Spielplatz für Jugendliche

Vielleicht ist es eine besondere Form des tschechischen Understatements, dass er über seine großen Arbeiten an diesem Tag kaum ein Wort verliert. Dass seine Werke schon in Kanada ausgestellt wurden, ist genauso wenig Thema wie seine Wettbewerbspreise, die er schon eingeheimst hat. Auch über seine zahlreichen Stadtbrunnen, seine Edelstahlplastiken vor Wohn- und Geschäftsgebäuden, Feuerwachen, Rathäusern oder über seine Brunnenanlagen, Altarbilder, Glasfenster, Bronzereliefs, Hamlet-Bilder und Kreuzigungsszenen kein Ton. Stattdessen zitiert er aus dem Kopf Sätze von Kafka und Musil und erläutert, warum es wichtig ist, auch Spielplätze für Jugendliche zu bauen, auf denen Kunstwerke Impulse setzen, „die zweckfrei, sinnfrei und daher ziellos sind“. Darüber hat er sogar schon einen Aufsatz verfasst. „Aber die Politiker sehen nicht ein, wie wichtig diese Dinge sind“, schmunzelt er.

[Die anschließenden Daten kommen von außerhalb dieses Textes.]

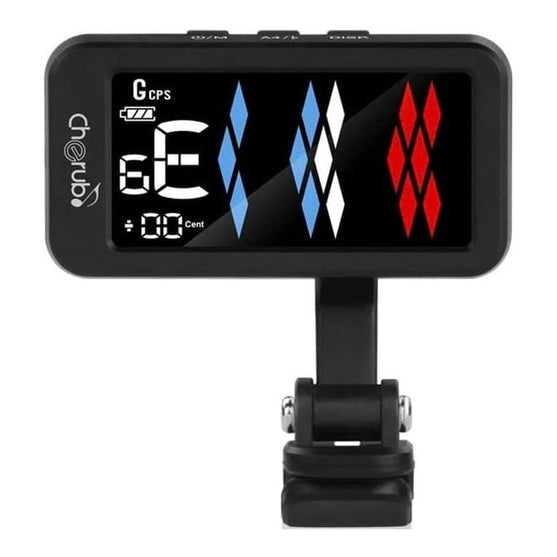 Tuner Đàn Guitar Cherub WST-905Li Rechargeable Flow Tune Clip-Mai Nguyên Music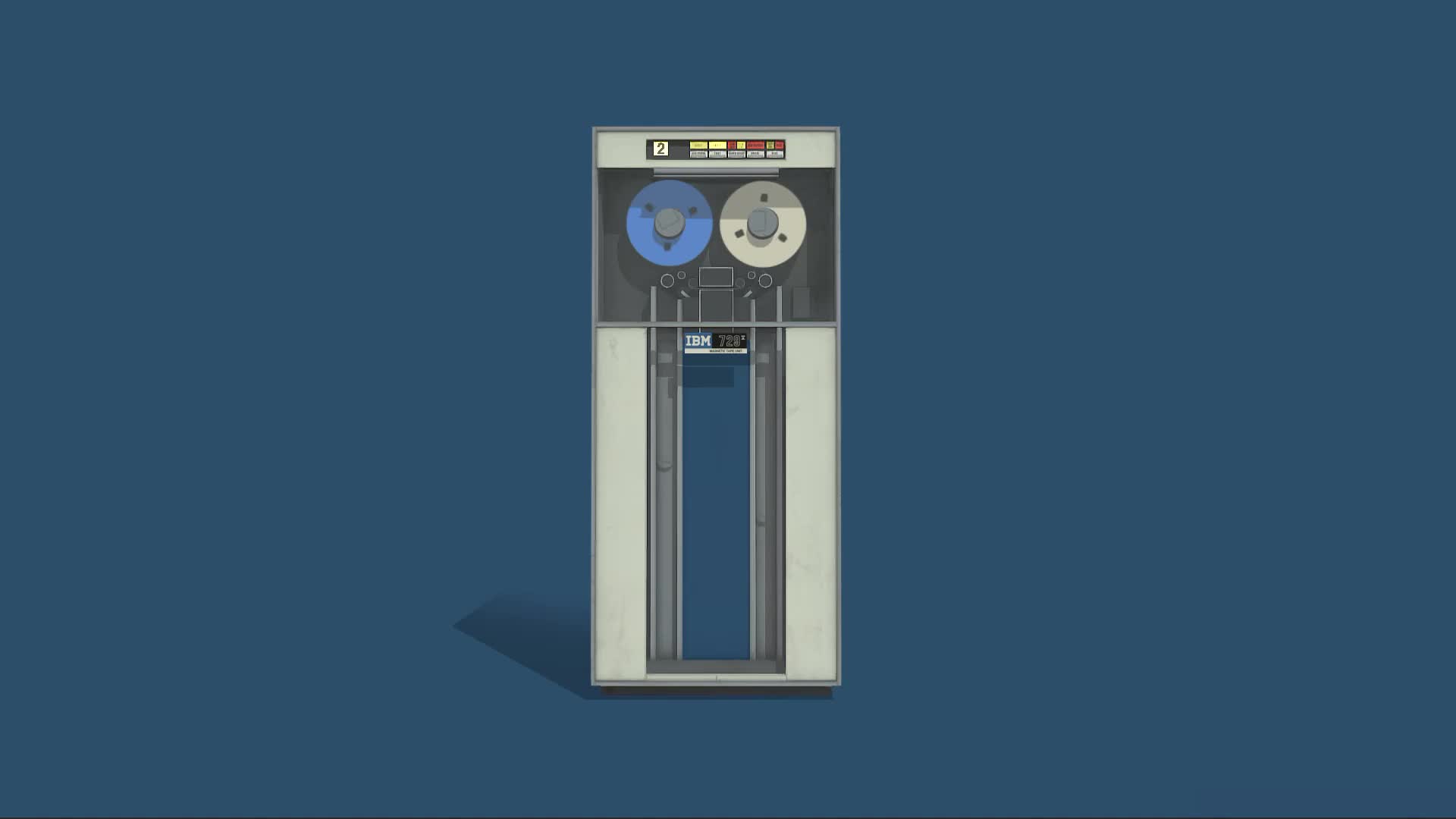Ibm729 Blue Pc Live Wallpaper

Jan Schlesingers Kunst, so begreift man irgendwann, lässt sich auf keine wohlfeile Formel bringen, der Mann steht auch nicht für einen ganz bestimmten Stil oder eine ganz besondere Verfahrenstechnik, seine Kunst bleibt vielmehr „work in progress“, sie erfindet sich immer wieder neu, stellt sich zuweilen auch augenzwinkernd in Frage und bleibt damit auf eine ganz eigentümliche - eben Schlesingersche Art - wohltuend menschlich.